El “crecimiento vertical” en las urbes del mundo industrializado es origen de todos los males citadinos. En Marbella, ciudad turística de cinco estrellas, se suscitó el más escandaloso caso de corrupción en la historia municipal de España, con el encarcelamiento de alcalde y concejales por tráficos de influencias a favor de empresas que construían edificios mucho más altos de lo aprobado en planos oficiales.
Sin ir tan lejos, en Cochabamba, el desaparecido Programa de Fomento a la Transparencia Municipal estableció que la edificación de “rascacielos” es un pingüe negocio tanto para constructores como para funcionarios corruptos.
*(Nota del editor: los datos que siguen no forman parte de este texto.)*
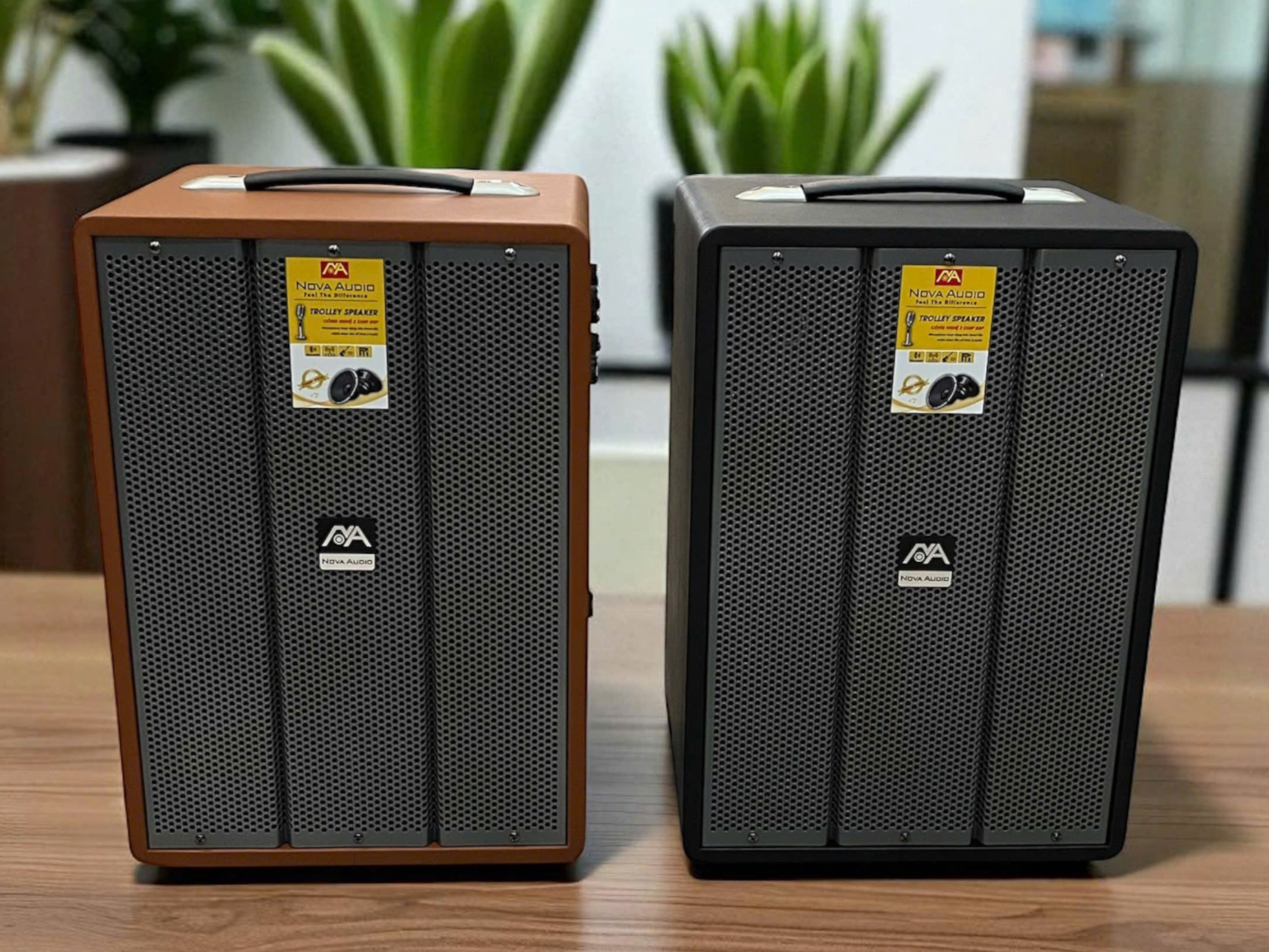 Loa karaoke di động Nova Audio F-30Max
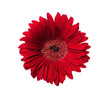 Red gerber isolated on white background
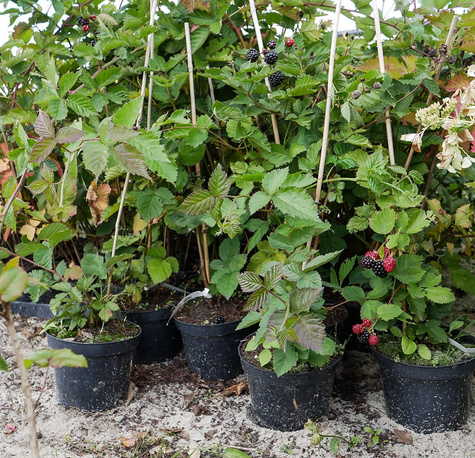 Jeżyna wielkoowocowa Triple Crown w doniczce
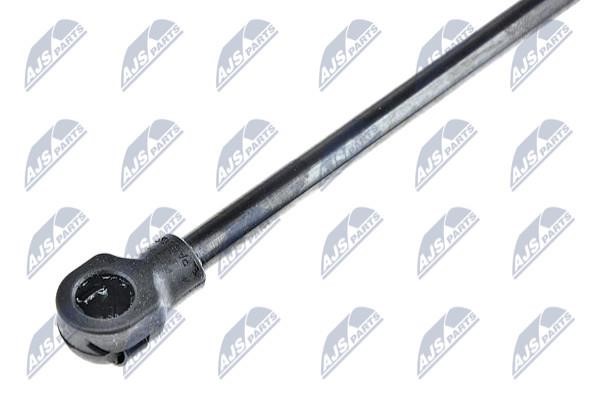 Tailgate strut NTY AE-HD-009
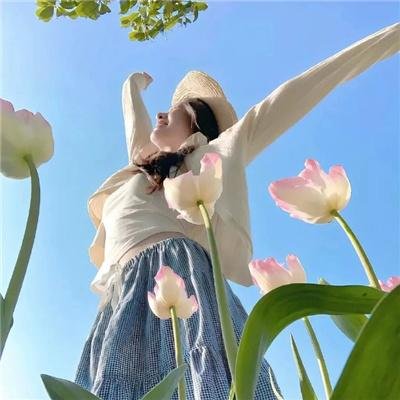 自有云霄万里高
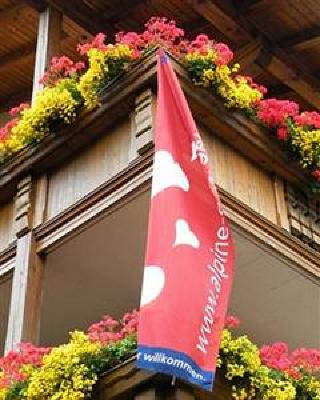фото отеля Hotel Alpen Pitztal
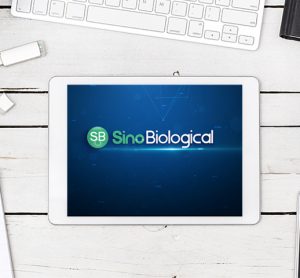 Sino Biological Video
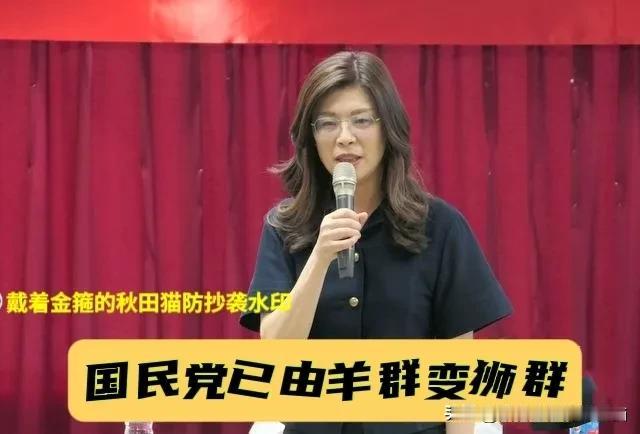 郑丽文自掏500万值了！党主席竞选诺言已成功实现，凯道20万人怒吼，标志着国民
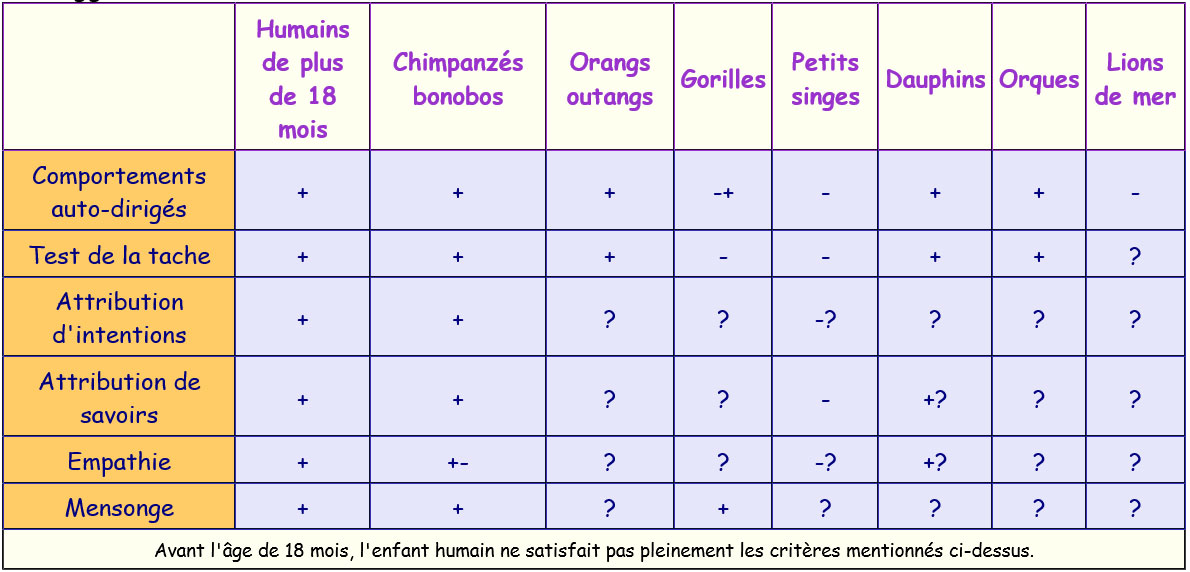 Indices suggérant l'existence d'une conscience.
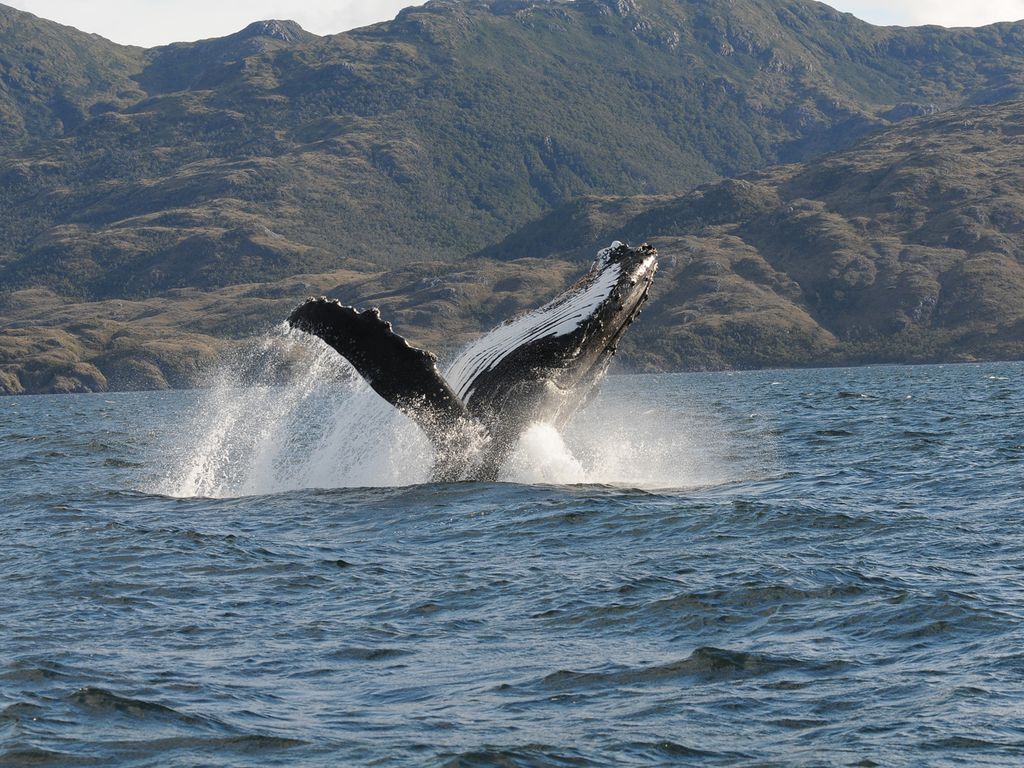 Ballena jorobada_ Magallanes_Juan Capella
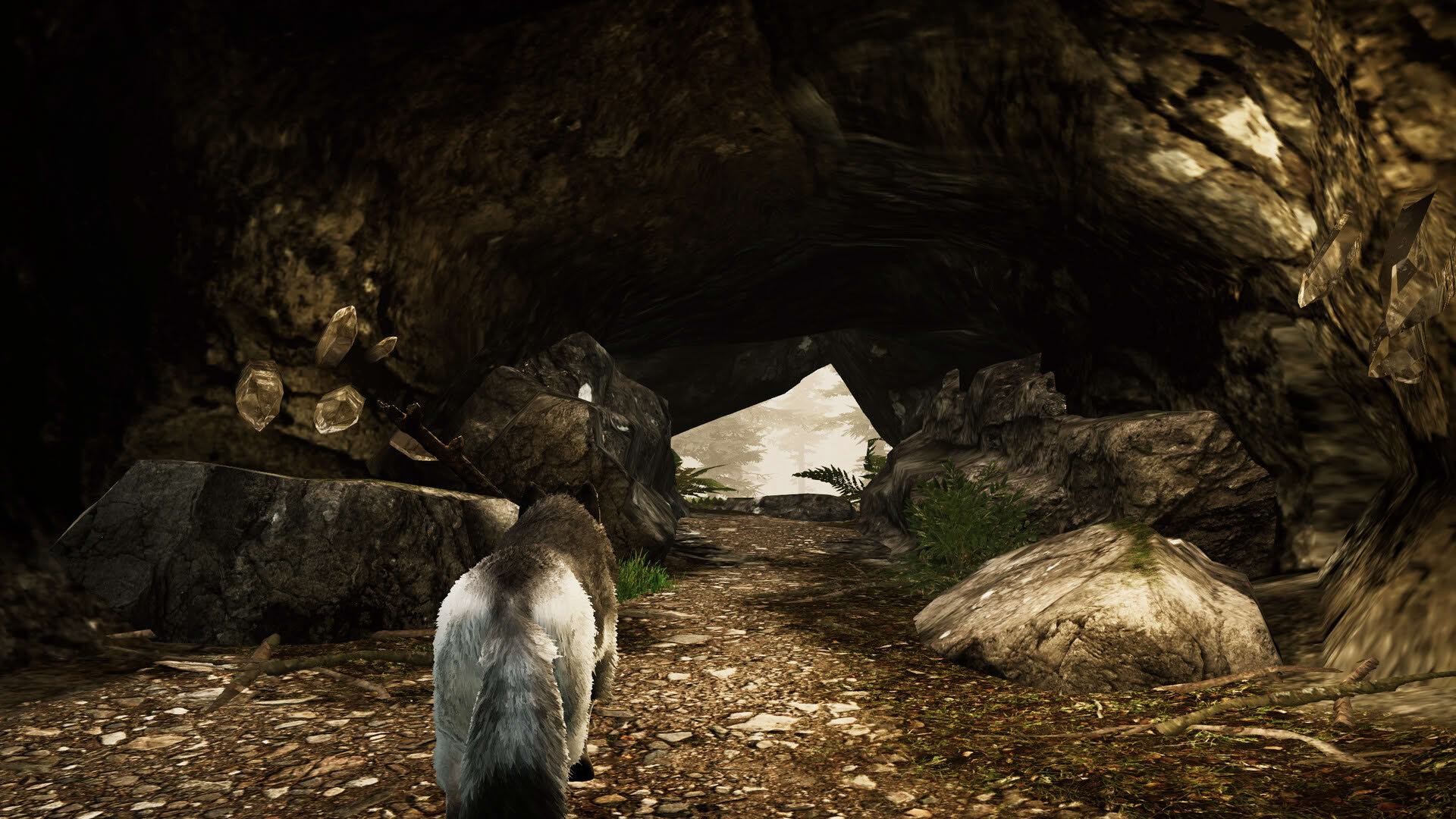 Screenshot for Tale of a Wolf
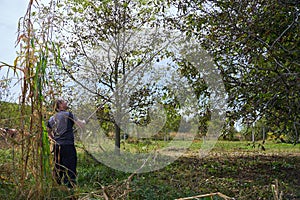 Farmer harvesting walnuts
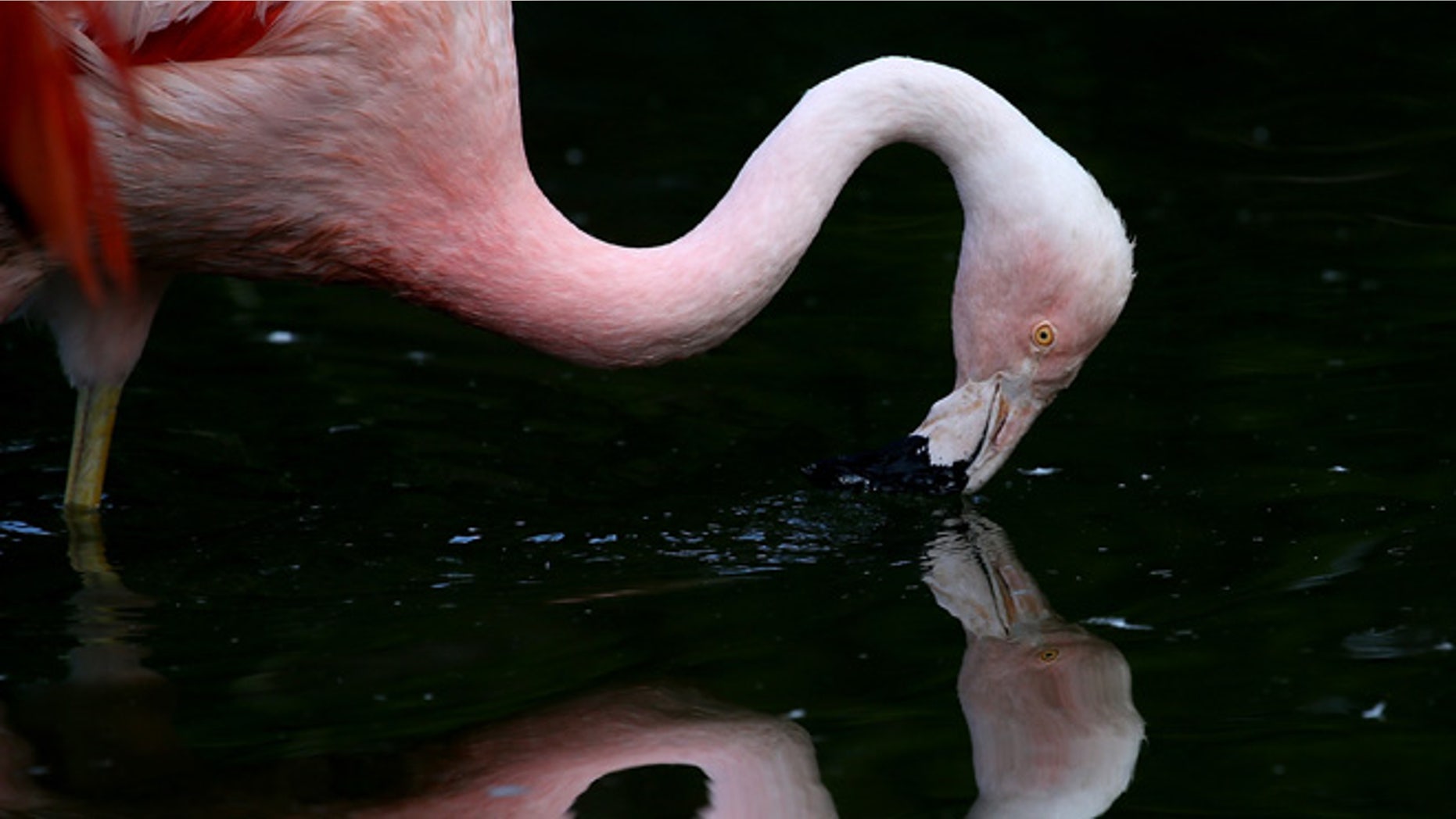 SAN FRANCISCO, CA - SEPTEMBER 25: A Chilean Pink Flamingo stands in its enclosure at the San Francisco Zoo on September 25, 2014 in San Francisco, California. The San Francisco Zoo is welcoming four newborn Chilean Flamingo chicks to the Flamingo rookery. (Photo by Justin Sullivan/Getty Images)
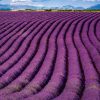 Calendrier mural Provence 2026 – avril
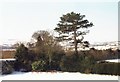 Corner of the garden, Helme Park Hall Hotel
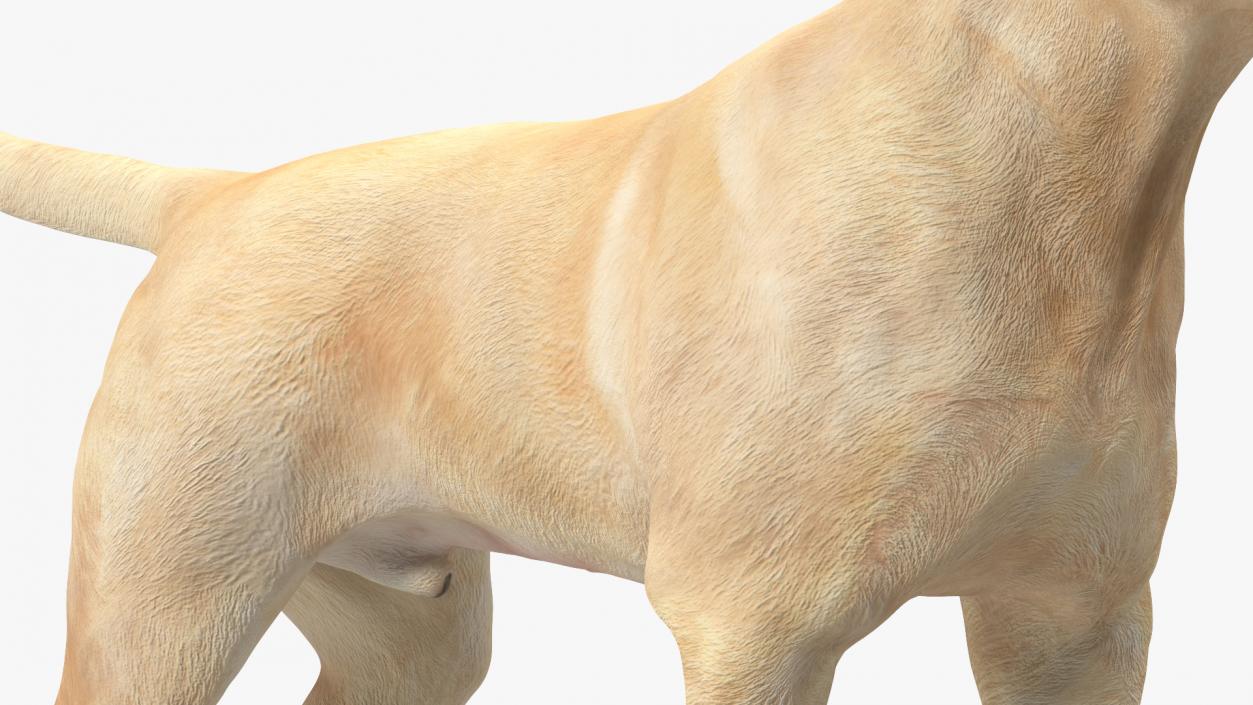 Labrador Dog White Standing 3D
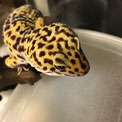 ペットのトカゲ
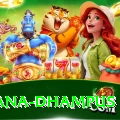 pothana dhampus Gold Edition v1.8.2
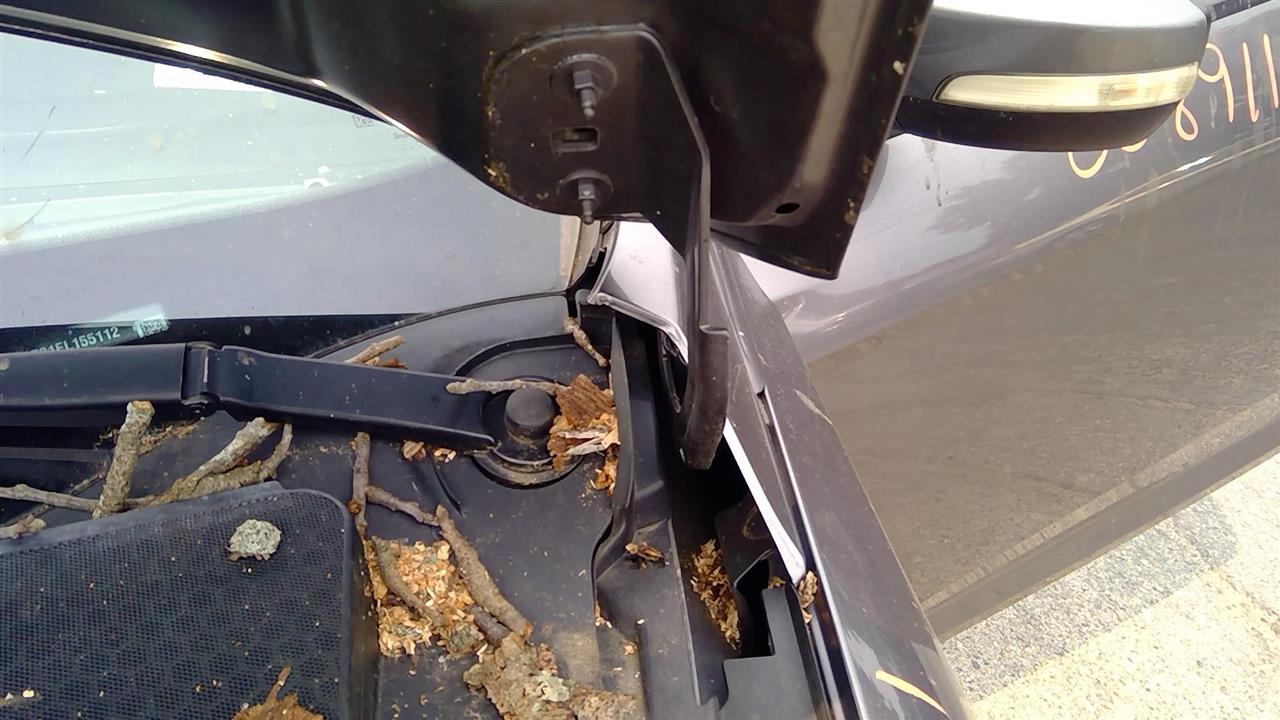 2014 FORD FOCUS Hood Hinge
Se construye lo más alto posible, sobre diseños aprobados con menores alturas. Esta fiebre de grandes edificios fuera de norma provocó, por ejemplo, que el Prado de Cochabamba, antes un solar apacible, cálido y luminoso, quede hoy convertido en un recodo sin luz ni calor, ensombrecido por tantos “rascacielos” que impiden a los rayos del sol caer en estos suelos urbanizados. El daño causado por tal proliferación de moles verticales no es sólo estético sino ante todo ambiental.
La tragedia del edificio Málaga, en Santa Cruz, es otra muestra fehaciente de que la “maldición de los rascacielos” no sólo está destruyendo la armonía estética y ecológica de las grandes urbes en medio de la corrupción generalizada; ahora también está cobrando vidas inocentes.
En Cobija, ciudad emergente en medio del bosque más bello del planeta, debería conjurarse esta maldición mediante una Ordenanza Municipal que prohíba la construcción de edificios desmesurados, para evitar que el cemento opaque nuestro radiante sol pandino.